> [Task requirements]
Within the data below, copy each line where the string "Stone" is found.

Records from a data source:
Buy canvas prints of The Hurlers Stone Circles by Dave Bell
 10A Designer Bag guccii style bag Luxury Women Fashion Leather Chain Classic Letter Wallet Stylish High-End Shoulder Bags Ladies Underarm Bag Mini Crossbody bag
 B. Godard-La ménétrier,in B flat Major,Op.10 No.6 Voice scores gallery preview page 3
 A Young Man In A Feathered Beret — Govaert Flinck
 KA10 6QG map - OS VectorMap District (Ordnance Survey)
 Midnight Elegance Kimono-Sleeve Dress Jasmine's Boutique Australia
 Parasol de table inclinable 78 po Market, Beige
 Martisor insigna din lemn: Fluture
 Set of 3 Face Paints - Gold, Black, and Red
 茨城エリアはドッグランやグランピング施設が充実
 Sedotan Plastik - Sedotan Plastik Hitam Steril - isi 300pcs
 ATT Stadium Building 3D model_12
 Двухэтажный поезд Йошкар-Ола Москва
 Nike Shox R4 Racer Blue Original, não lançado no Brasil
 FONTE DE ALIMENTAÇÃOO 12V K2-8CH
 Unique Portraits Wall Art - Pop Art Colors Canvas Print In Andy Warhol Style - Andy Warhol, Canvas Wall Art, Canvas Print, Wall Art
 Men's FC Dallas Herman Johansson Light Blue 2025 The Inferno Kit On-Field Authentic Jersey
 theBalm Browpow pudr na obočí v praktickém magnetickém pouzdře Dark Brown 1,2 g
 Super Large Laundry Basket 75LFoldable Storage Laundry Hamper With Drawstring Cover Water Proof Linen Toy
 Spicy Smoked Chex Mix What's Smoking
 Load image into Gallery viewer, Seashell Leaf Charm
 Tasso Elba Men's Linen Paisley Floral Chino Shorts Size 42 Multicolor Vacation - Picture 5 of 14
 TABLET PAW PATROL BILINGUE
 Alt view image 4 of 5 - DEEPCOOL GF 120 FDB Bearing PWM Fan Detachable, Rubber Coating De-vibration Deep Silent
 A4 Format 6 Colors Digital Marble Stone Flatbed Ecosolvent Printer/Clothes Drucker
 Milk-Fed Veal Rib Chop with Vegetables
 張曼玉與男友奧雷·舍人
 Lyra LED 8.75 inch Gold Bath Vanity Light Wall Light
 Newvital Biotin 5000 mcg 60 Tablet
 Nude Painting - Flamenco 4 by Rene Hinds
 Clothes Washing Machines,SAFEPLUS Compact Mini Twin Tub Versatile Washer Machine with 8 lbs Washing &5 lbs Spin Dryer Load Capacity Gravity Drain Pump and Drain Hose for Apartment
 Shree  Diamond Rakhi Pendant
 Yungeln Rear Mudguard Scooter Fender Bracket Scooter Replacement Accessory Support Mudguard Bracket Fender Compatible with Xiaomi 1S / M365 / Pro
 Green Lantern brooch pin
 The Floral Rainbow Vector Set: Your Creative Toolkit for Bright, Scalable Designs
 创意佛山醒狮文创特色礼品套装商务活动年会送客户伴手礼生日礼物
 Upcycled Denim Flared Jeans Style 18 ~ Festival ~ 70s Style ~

> [Response below]
Buy canvas prints of The Hurlers Stone Circles by Dave Bell
 A4 Format 6 Colors Digital Marble Stone Flatbed Ecosolvent Printer/Clothes Drucker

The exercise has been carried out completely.